Crawled caption data
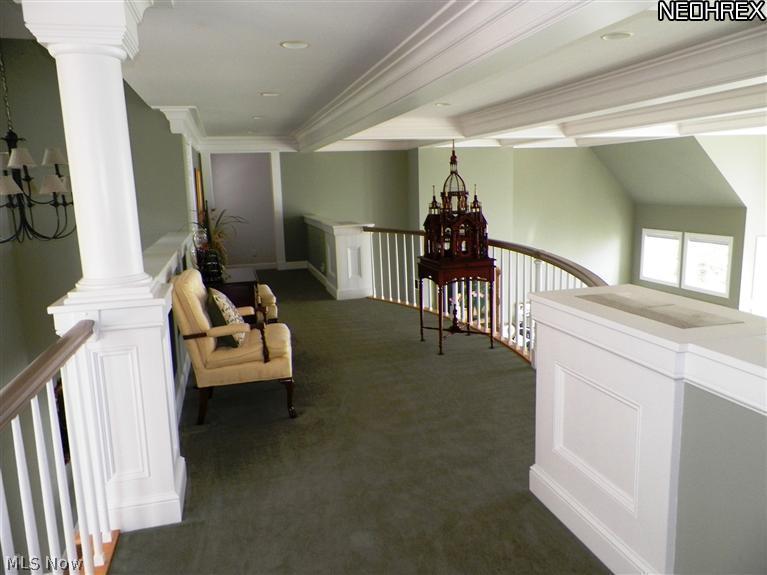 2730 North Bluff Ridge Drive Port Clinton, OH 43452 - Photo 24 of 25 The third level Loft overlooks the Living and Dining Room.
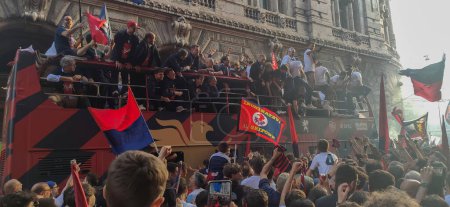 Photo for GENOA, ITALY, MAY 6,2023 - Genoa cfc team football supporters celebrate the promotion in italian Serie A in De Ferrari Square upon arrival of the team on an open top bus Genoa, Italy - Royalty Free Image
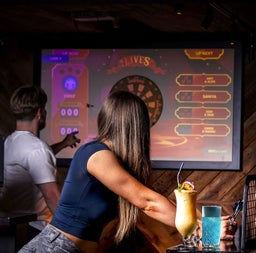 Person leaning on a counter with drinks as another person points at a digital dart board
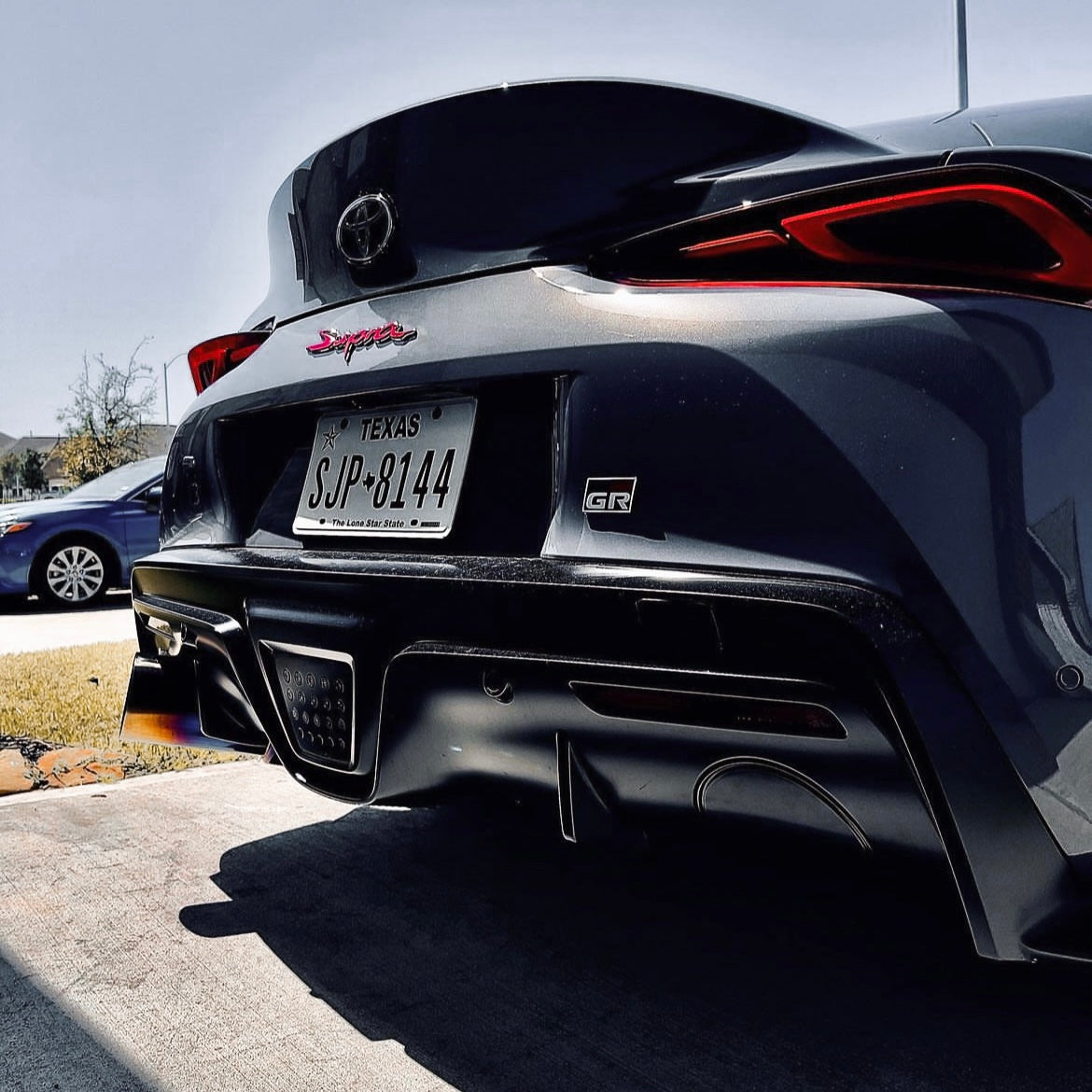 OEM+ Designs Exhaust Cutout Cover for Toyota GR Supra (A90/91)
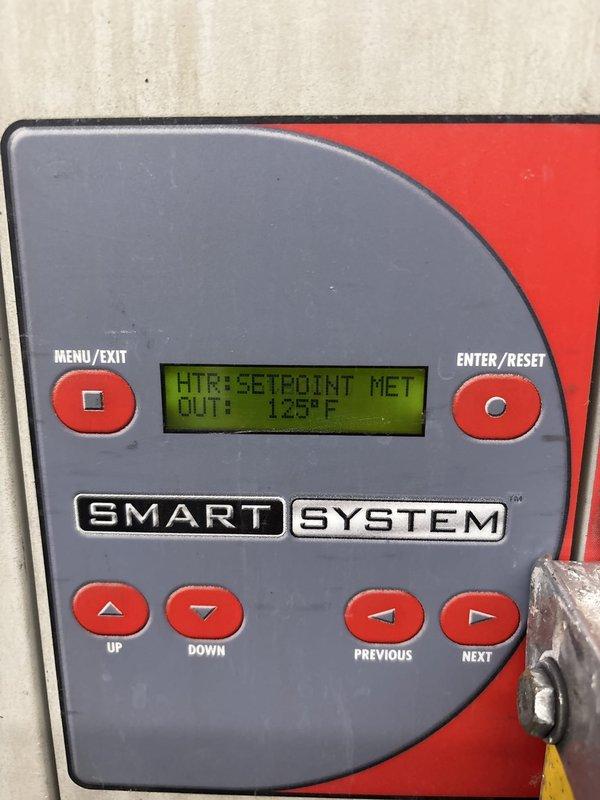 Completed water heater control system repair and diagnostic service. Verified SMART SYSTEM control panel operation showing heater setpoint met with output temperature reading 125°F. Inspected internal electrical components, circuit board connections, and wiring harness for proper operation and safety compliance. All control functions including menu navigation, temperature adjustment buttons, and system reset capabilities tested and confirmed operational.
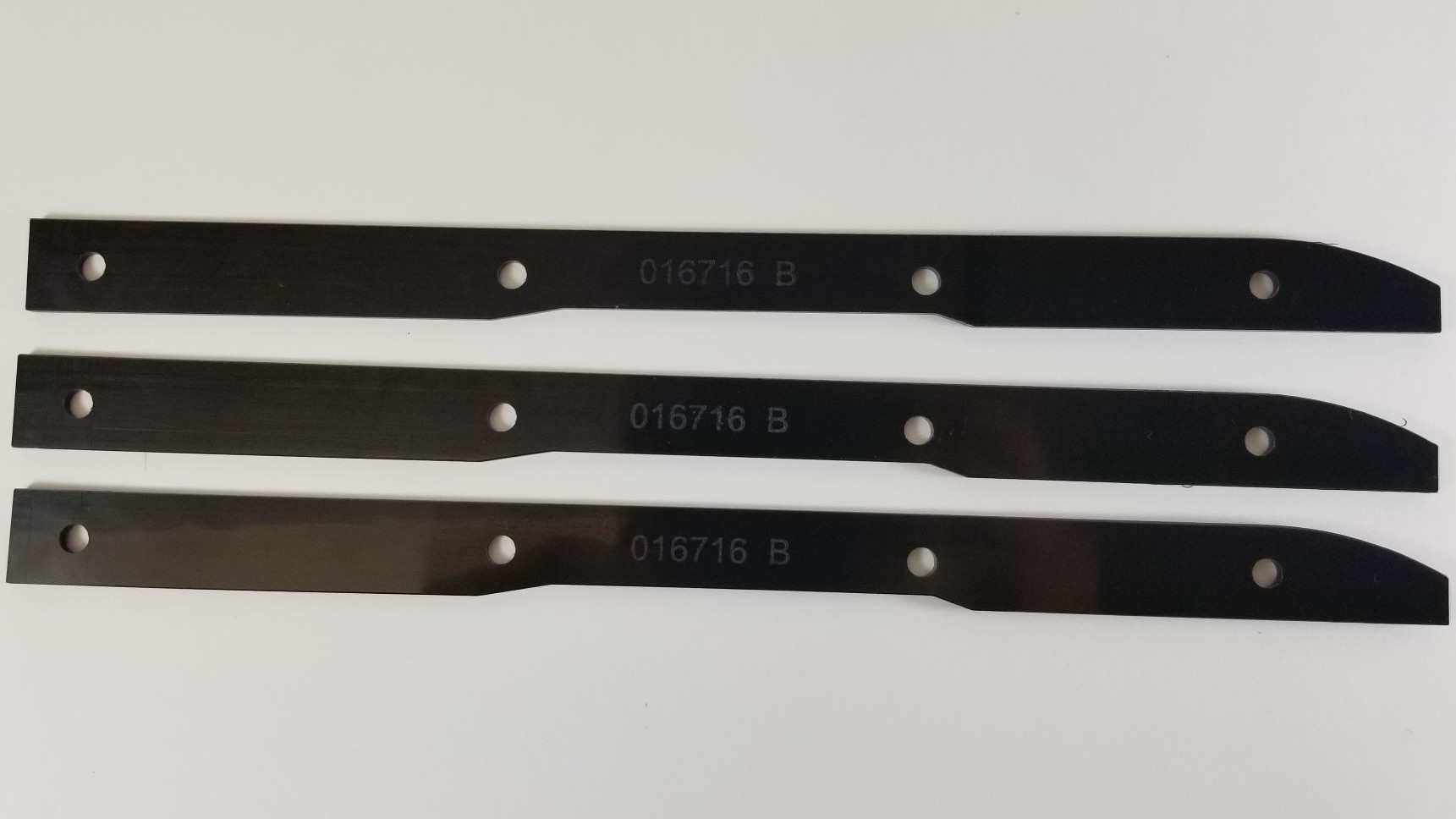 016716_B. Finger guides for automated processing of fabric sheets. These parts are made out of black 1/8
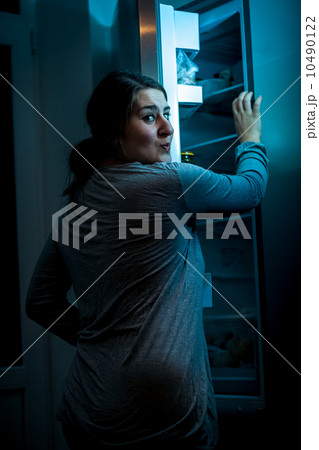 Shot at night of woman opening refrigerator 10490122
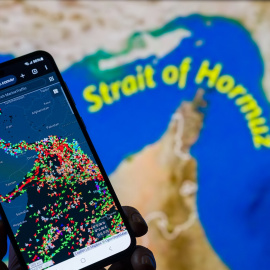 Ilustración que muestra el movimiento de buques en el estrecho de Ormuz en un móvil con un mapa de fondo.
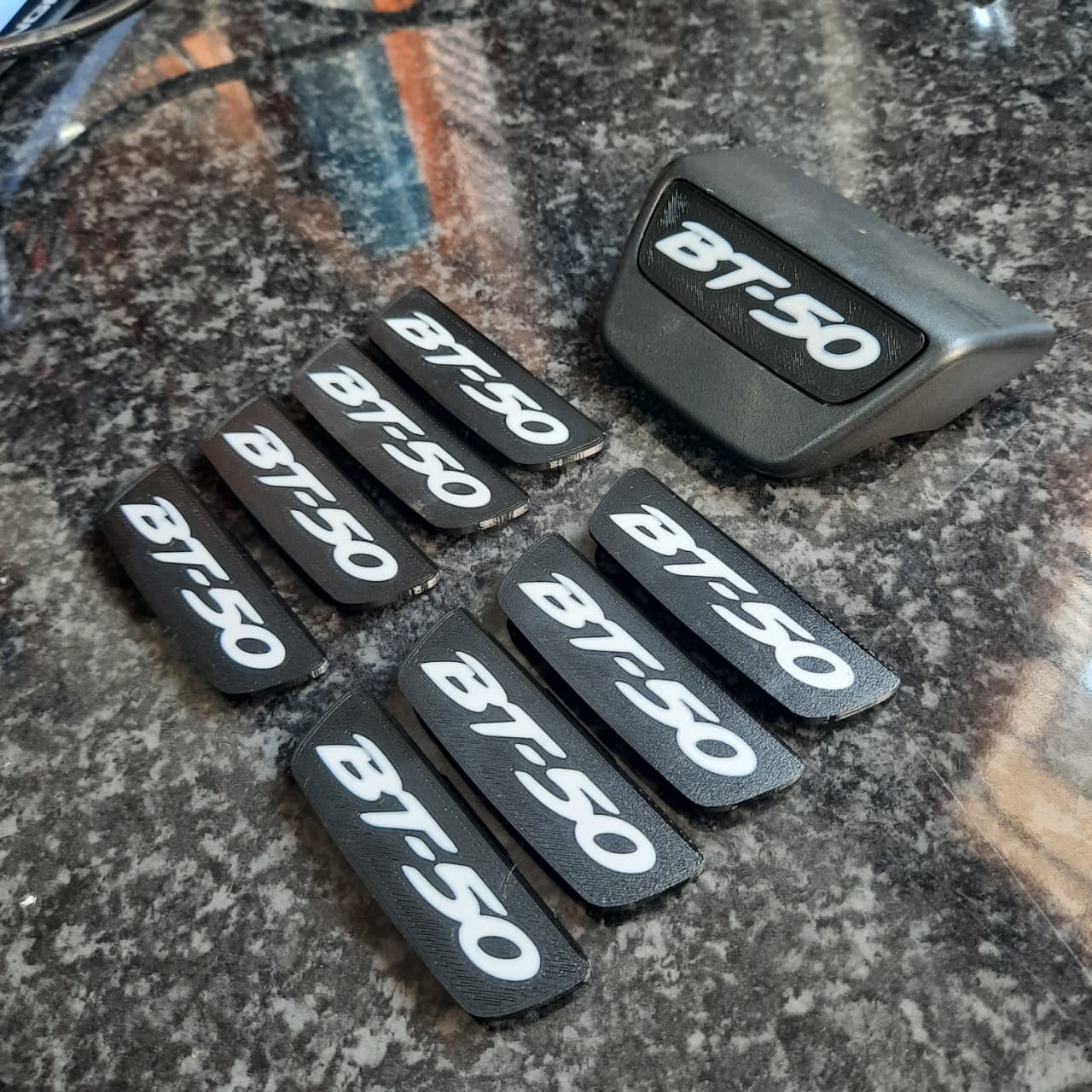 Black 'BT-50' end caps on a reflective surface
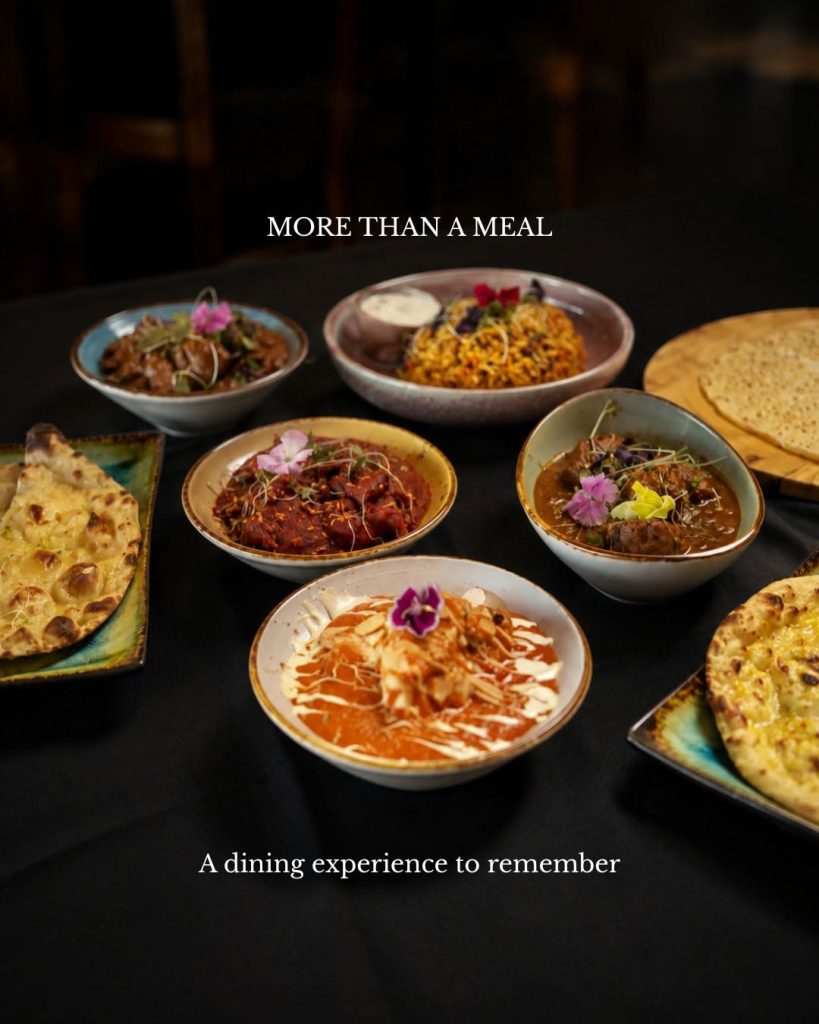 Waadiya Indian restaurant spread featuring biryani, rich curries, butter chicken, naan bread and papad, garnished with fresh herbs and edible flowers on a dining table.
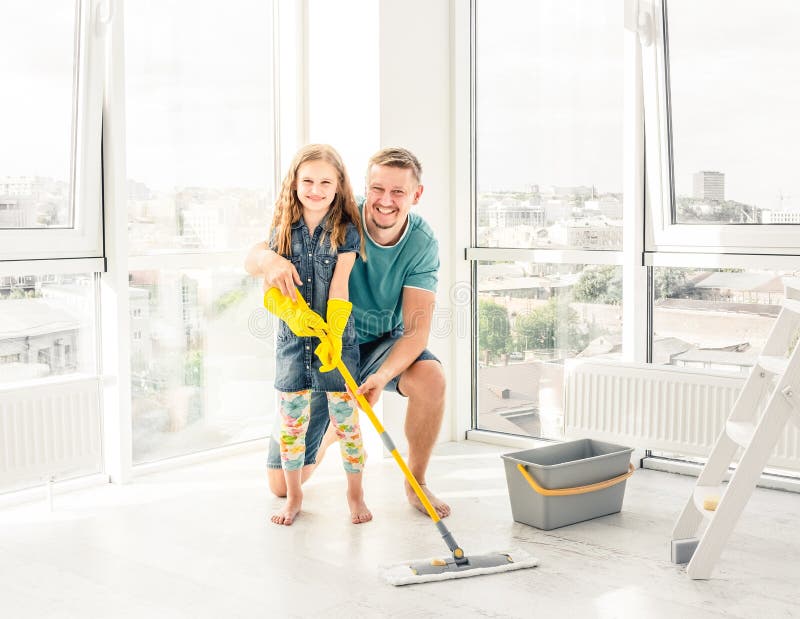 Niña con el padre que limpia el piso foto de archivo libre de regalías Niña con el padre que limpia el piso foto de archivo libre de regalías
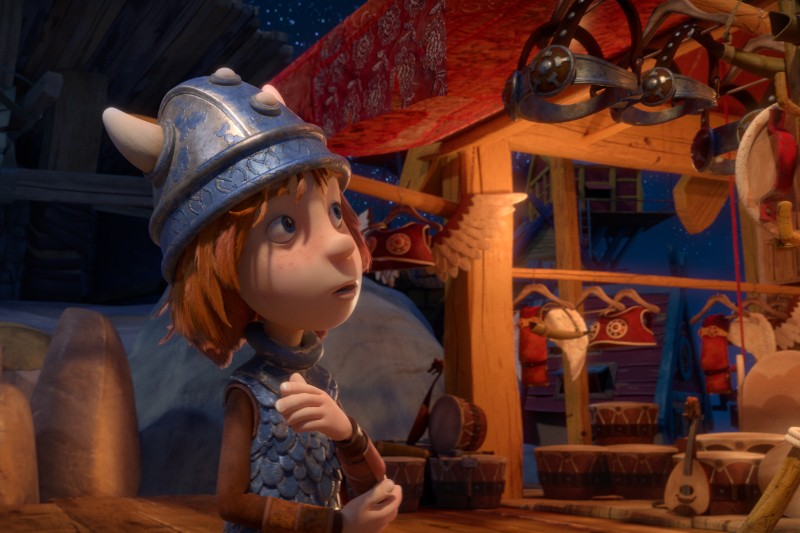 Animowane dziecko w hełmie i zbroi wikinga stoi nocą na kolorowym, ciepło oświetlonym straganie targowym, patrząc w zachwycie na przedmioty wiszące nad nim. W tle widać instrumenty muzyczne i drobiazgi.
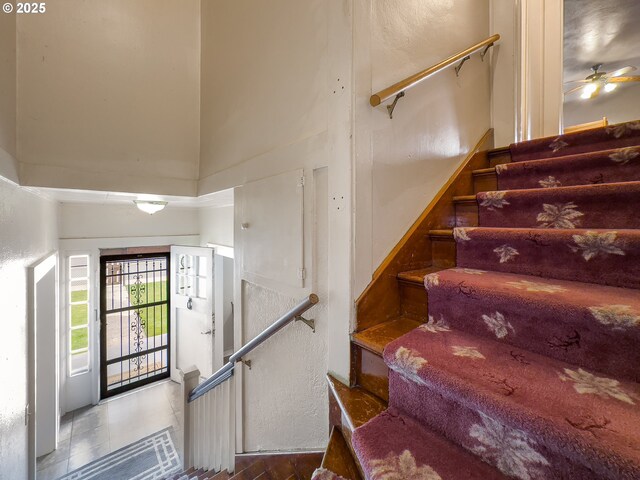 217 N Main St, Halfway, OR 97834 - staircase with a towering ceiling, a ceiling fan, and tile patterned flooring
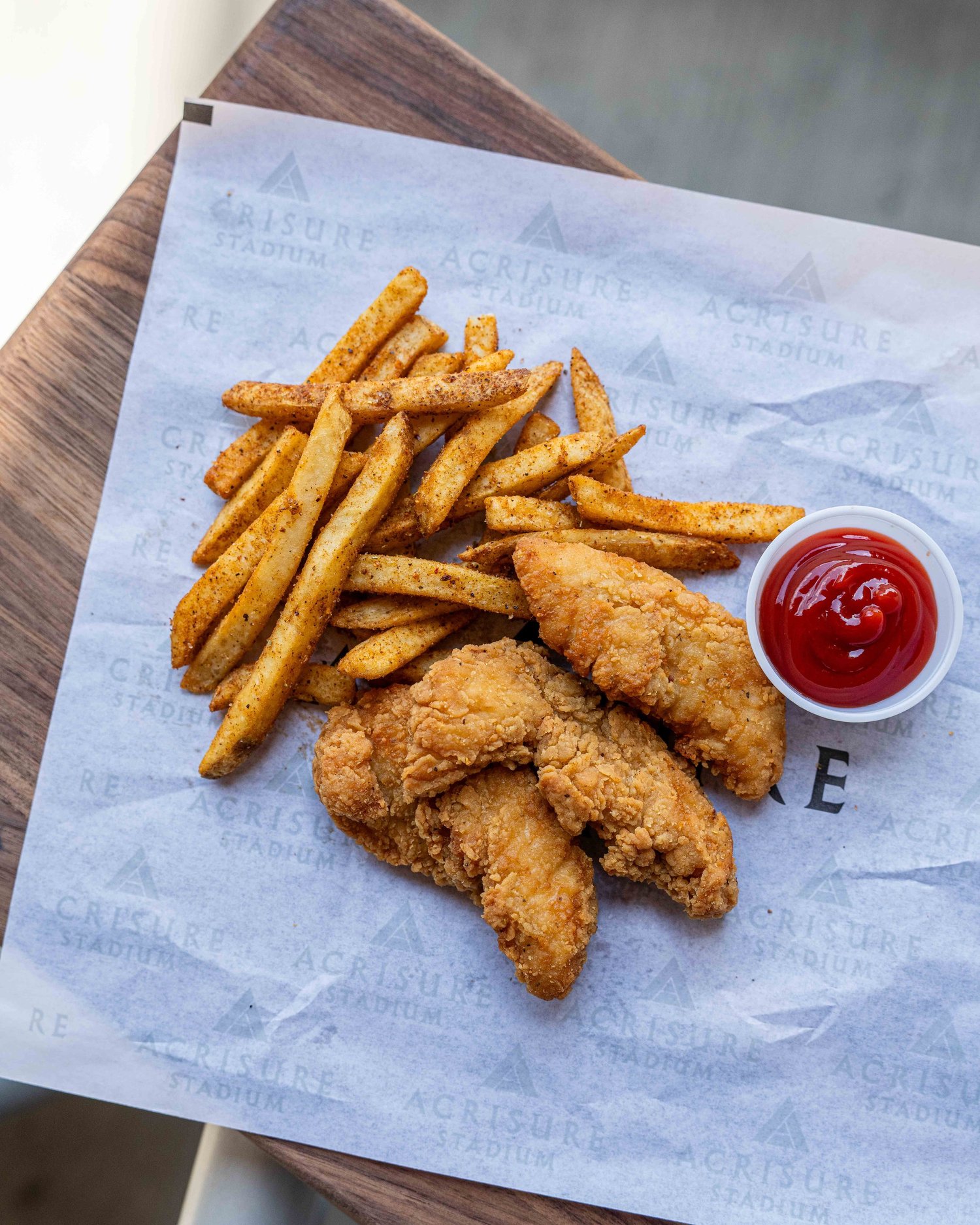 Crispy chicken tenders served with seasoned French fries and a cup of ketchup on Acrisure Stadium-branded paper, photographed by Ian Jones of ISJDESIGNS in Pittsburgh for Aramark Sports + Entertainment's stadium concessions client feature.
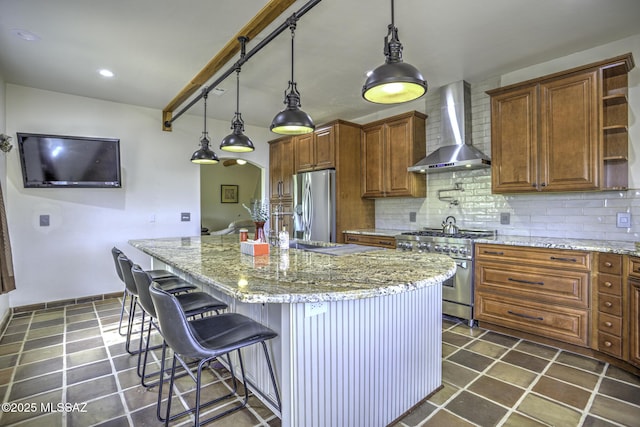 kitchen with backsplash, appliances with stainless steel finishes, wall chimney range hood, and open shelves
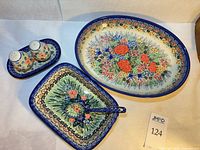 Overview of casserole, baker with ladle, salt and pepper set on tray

** Aim of the task **
Only the lines starting at the one that holds "kitchen with backsplash, appliances" and ending at the last line of the data belong in your answer. Please set them down exactly and omit the pictures.

** Answer section **
 kitchen with backsplash, appliances with stainless steel finishes, wall chimney range hood, and open shelves
 Overview of casserole, baker with ladle, salt and pepper set on tray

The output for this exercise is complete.